Hook into Wagtail's page_published and page_unpublished signals so the index stays current without cron jobs or manual intervention. Use Celery to run the embedding in the background — OpenAI API calls are too slow to block the publish request:

# chat/tasks.py
from celery import shared_task
from wagtail.models import Page
from .indexing import index_page
from .models import PageEmbedding


@shared_task(bind=True, max_retries=3, default_retry_delay=60)
def index_page_task(self, page_pk):
    try:
        page = Page.objects.get(pk=page_pk)
        index_page(page)
    except Exception as exc:
        raise self.retry(exc=exc)


@shared_task
def remove_page_embeddings(page_pk):
    PageEmbedding.objects.filter(page_id=page_pk).delete()
# chat/signals.py
from wagtail.signals import page_published, page_unpublished
from django.dispatch import receiver
from .tasks import index_page_task, remove_page_embeddings


@receiver(page_published)
def on_publish(sender, instance, **kwargs):
    index_page_task.delay(instance.pk)


@receiver(page_unpublished)
def on_unpublish(sender, instance, **kwargs):
    remove_page_embeddings.delay(instance.pk)
# chat/apps.py
from django.apps import AppConfig

class ChatConfig(AppConfig):
    name = 'chat'

    def ready(self):
        import chat.signals  # noqa: F401  — register signal handlers

15. Production Considerations

Rate limiting and cost control

Each chat request makes two API calls: one embedding (cheap, ~$0.00002 per question) and one LLM generation (much more, ~$0.003–0.015 depending on context size and model). Rate limit the endpoint aggressively in settings:

REST_FRAMEWORK = {
    'DEFAULT_THROTTLE_RATES': {
        'anon': '20/hour',
        'user': '100/hour',
    }
}

Cache repeated questions

Many users ask the same questions. Cache at the question level using Django's cache framework — a SHA256 hash of the normalised question string makes a safe cache key:

import hashlib
from django.core.cache import cache

def cached_answer(question, chunks):
    key = 'rag:' + hashlib.sha256(question.lower().encode()).hexdigest()
    result = cache.get(key)
    if result:
        return result
    result = answer(question, chunks)
    cache.set(key, result, timeout=3600)
    return result

Private content

The retrieval step searches all indexed chunks regardless of user session. If your Wagtail site has restricted pages (behind page_permissions or a paywall), filter the queryset in retrieve() by pages the current user can access before running the vector search.

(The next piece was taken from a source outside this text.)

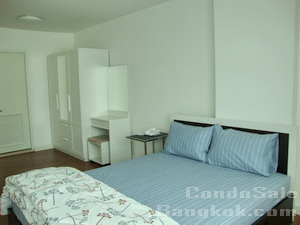 condo for sale in The Clover Thonglor 1 bedroom 44.90 sq.m. Fully furnished with kitchen, fridge, 
washing machine LCD TV, bathtub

Index freshness monitoring

Track the last indexed timestamp per page in PageEmbedding and expose a /api/rag-health/ endpoint that reports pages published after their last embed. A simple Celery beat task can alert you when the index drifts more than an hour behind live content.

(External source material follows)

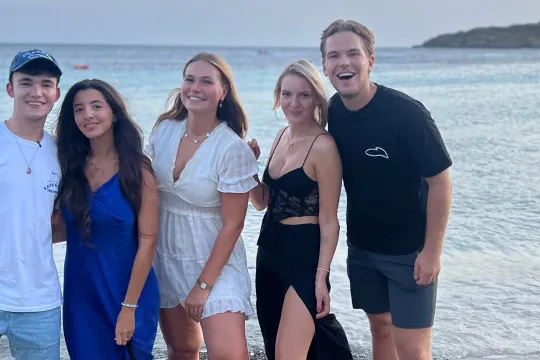 Stagiairs KRO-NCRV_Bart/Chaima/Demi/Wiktoria/Ralph.jpg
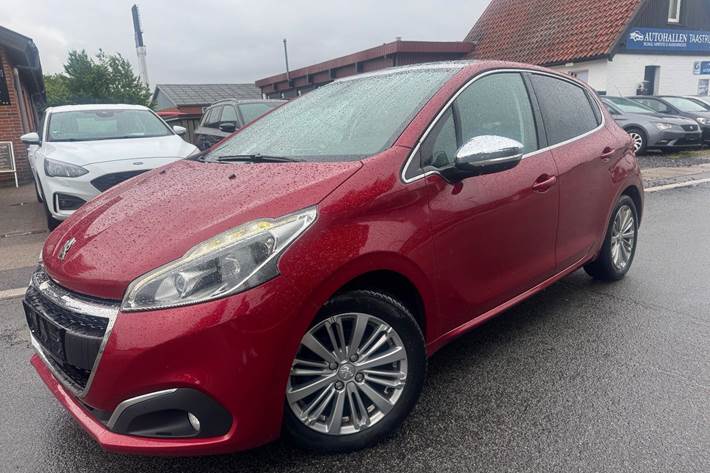 undefined Peugeot 208 fra 2017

Choose the right chunk size for your content

The 400-word default works well for blog posts and documentation. For product pages with lots of short bullet points, shrink to 150–200 words. For long legal or policy documents, go up to 600–800 words. Measure retrieval quality by checking whether the correct page appears in the top 3 results for a set of known test questions.


Wrapping Up

The full pipeline — extract, chunk, embed, retrieve, generate — is around 200 lines of Python with no specialised ML frameworks. pgvector keeps everything inside the Postgres database you already run, and Wagtail signals keep the index current without any manual intervention after the initial build.

The parts that repay the most attention in production are the system prompt (keep the model grounded in context), the distance threshold (filter out irrelevant chunks rather than injecting noise), and rate limiting (LLM generation costs add up fast at scale). Get those three right and you have a genuinely useful chat interface over your CMS content — one that stays accurate as editors update pages, with zero retraining required.